1. All I'd like to do is for my little guy to catch some fish (one is enough). What is my best odd? And do you have a place to suggest? I read about fishing piers in/near OC. I'd like to have your advice. 

2. What bait shall I use so that our chance of catching one fish is maximized? 

3. What is the best time? 

4. Other than fishing piers, is shore fishing realistic? I suspect that the little guy might want to play with sand while waiting for his fish.

Or shall I just abandon this idea and not to raise any hope of his? 

Thanks for your time!

Best,
Frank


----------



## PatapscoDad (Jun 17, 2014)

I'm not an expert by any means, but I'm in a somewhat similar situation. My 4 year old boy caught his first fish (a mud minnow) a few weeks back in Stoney Creek. If I was going to OC, I would want to find someone on this forum I could meet up with to help get us off on the right foot. I'm guessing the bay, bridge, or inlet would be a better bet than the surf, but I could be wrong! 
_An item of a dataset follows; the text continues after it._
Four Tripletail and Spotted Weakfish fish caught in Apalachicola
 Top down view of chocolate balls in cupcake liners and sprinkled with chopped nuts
A few other things to keep in mind:

1) He will need help with casting, baiting, unhooking, etc. You might want to research what that entails in terms of your possibly needing to buy a license. Or just go ahead and buy the license. It's a small price to pay to help preserve Maryland's aquatic resources.

2) Little fish are best for little kids starting out. Once they gain the skills hooking and landing small fish, the big ones will be easier. Whatever pan fish swim around OC (spot?) will probably be your preferred targets.

3) His attention span may not allow a long fishing outing. I quickly realized that my old pattern of fishing for 3 or more hours at a time, no matter what the bite, wasn't necessarily going to go over well with little kids. So yeah, you're on the right track with the playing in the sand comment!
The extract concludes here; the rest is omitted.